The answer seems obvious doesn't it? The emergence is a product of the interactions (which could be quite enormous and complex). In the first example, the onus is on us to perceive things more accurately. In the second example, the onus is on us to solve a mystery that isn’t really there. The mystery is one of perception. If we remove the relationships from consideration as parts then of course there is going to be a mystery byproduct to be solved.
We should think of the whole as equal to the parts because whatever belongs to the whole is part of it, a priori. The equation of parts and whole is equivalent. If it is not, then something went wrong. Something is amiss. But just because the equation has not been balanced does not mean that we need to invent mysterious or mystical causes. It more than likely means that we are missing something or have left something out. That something is almost always relationships (a.k.a., interactions, connections, links, edges, etc).
Metaphorically speaking, this is not unlike a conceptual conservation of energy law. Energy does not disappear. If it appears to have disappeared we are guided by the better judgement that it went somewhere. Likewise, wholes are not more than their parts. If it appears that they are then we are guided by our better judgement to look more deeply or to consider that our mental models are wrong.
This brings us to the fourth important thing the statement does for us pragmatically.
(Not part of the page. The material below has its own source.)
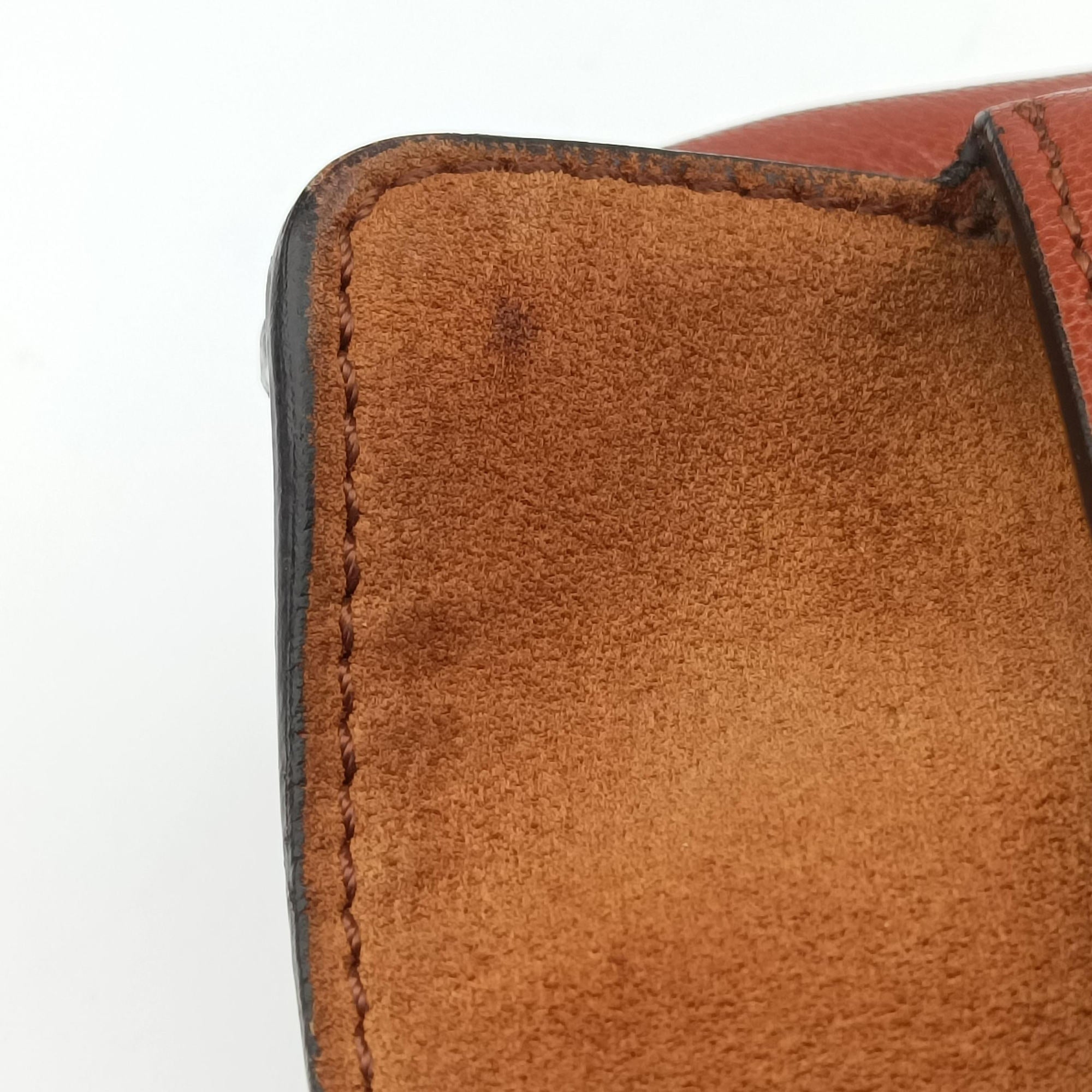 Pre-owned Givenchy GV3 small Chestnut Leather × Suede  shoulderbag | stylenewstar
It causes us to truly embrace relationships and the short shrift we have given them. Relationships are not merely lines between things, they are things in and of themselves. They are physical, they are parts, and they belong to their wholes. Here again, we suffer from our own thinking errors. We see a structural part (a component) and we know that if we zoomed into that part, we would see that it is a whole made up of many related parts. If we then zoomed into one of those parts, we would see the same. And if we continued to drill down we would eventually realize that every structural part is reduced to relationships between relationships. Because every structural part is reducible to relationships between parts, we must confess that the relationships are things. Therefore, we should end the oppression of relationships and grant them thing status.
In practical terms, this means that in a complex network made up of nodes and edges, all of the edges are nodes, too. And, all of the nodes (which means all of the edges) can be wholes made up of successfully smaller related parts. Add boundary conditions for each of these identified nodes and relational-nodes and add perspective and you have a universal theory of systems thinking. Not bad for a little statement.
In short, the statement, 'the whole is precisely equal to all the stuff that is part of it' is simple and seemingly banal, but it is also sublime. It provides us with sound theoretical footing upon which to build practical understanding of systems thinking itself.